(PROBLEM DESCRIPTION):
Wherever pictures appear in the listing below, leave them out, and copy exactly, and only, everything from the line with "Bej Bohem Tarzı" down to the line with "Vintage Ransomes Ipswich".

(SOURCE DATA):
━━━━━━━━━━━━━━━━━━━━━━━━━━━━━━

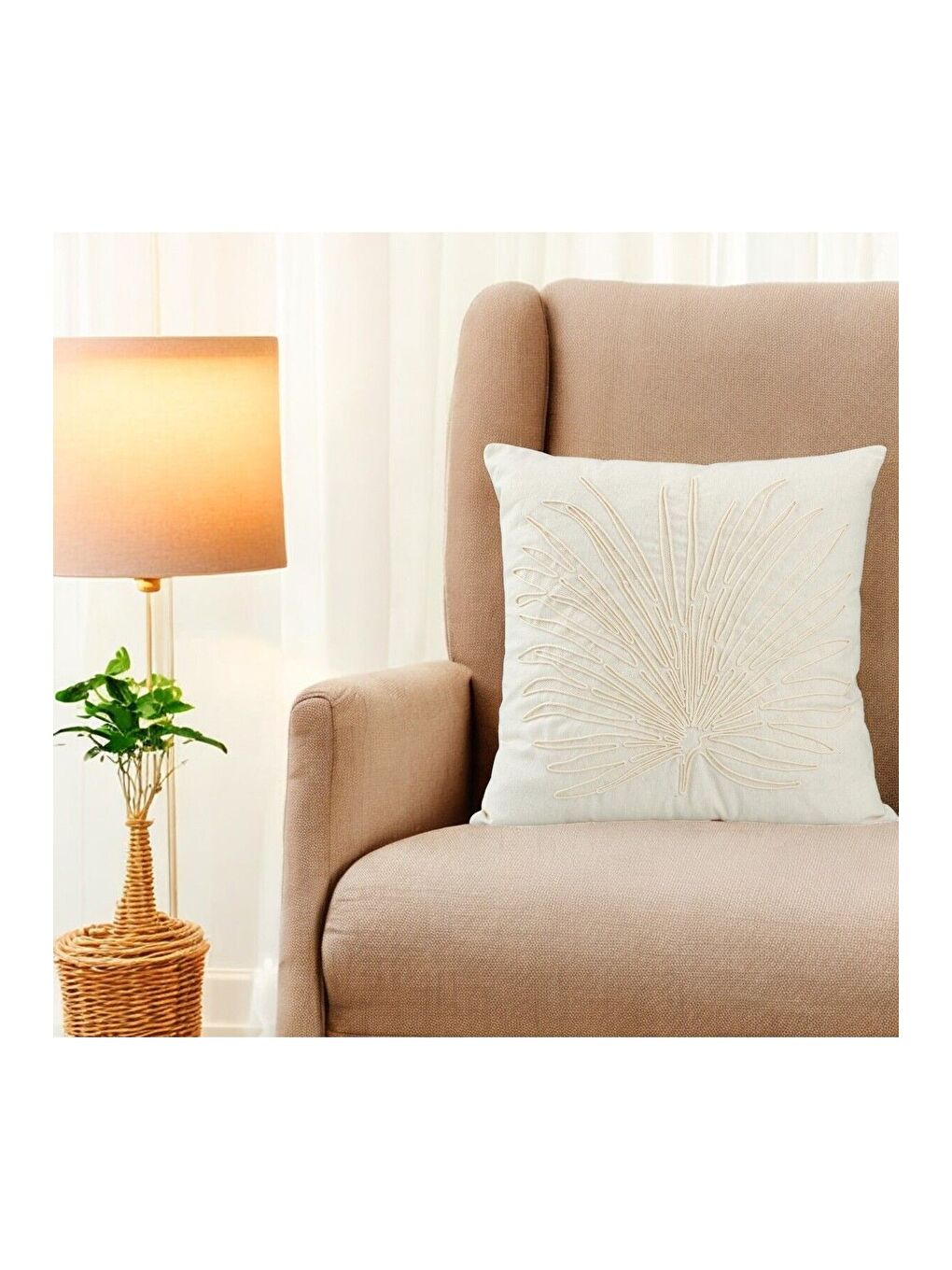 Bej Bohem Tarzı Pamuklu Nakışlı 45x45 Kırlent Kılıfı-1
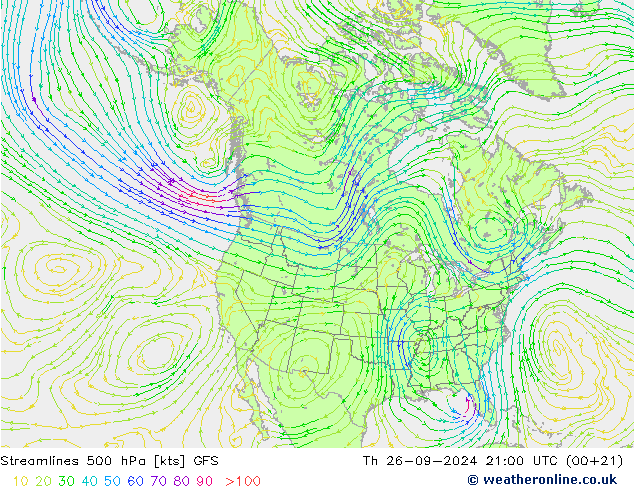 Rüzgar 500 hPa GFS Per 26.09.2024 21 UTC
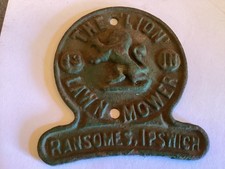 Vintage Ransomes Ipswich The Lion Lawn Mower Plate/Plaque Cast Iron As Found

━━━━━━━━━━━━━━━━━━━━━━━━━━━━━━

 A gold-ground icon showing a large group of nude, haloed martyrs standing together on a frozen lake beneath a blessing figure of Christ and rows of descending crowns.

━━━━━━━━━━━━━━━━━━━━━━━━━━━━━━

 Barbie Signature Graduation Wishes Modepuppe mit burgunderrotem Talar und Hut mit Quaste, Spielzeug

━━━━━━━━━━━━━━━━━━━━━━━━━━━━━━

(ANSWER AREA):
 Bej Bohem Tarzı Pamuklu Nakışlı 45x45 Kırlent Kılıfı-1
 Rüzgar 500 hPa GFS Per 26.09.2024 21 UTC
 Vintage Ransomes Ipswich The Lion Lawn Mower Plate/Plaque Cast Iron As Found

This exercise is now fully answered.